DATA FOR THIS EXERCISE »
━━━━
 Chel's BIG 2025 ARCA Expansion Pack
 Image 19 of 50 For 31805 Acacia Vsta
━━━━
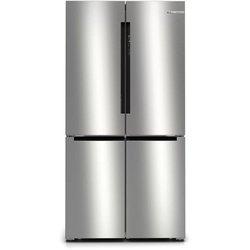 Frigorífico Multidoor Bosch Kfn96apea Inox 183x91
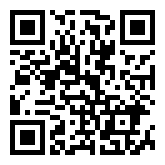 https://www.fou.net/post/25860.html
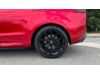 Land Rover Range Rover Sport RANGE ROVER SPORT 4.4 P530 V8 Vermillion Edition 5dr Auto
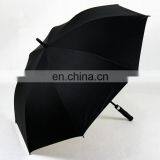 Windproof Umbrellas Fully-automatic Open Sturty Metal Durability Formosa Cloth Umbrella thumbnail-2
━━━━
EXERCISE GOAL » The material above holds pictures; leave them out and set down exactly the lines from the line with "Land Rover Range" to the line with "Windproof Umbrellas Fully-automatic", both included.

TASK SOLUTION »
 Land Rover Range Rover Sport RANGE ROVER SPORT 4.4 P530 V8 Vermillion Edition 5dr Auto
 Windproof Umbrellas Fully-automatic Open Sturty Metal Durability Formosa Cloth Umbrella thumbnail-2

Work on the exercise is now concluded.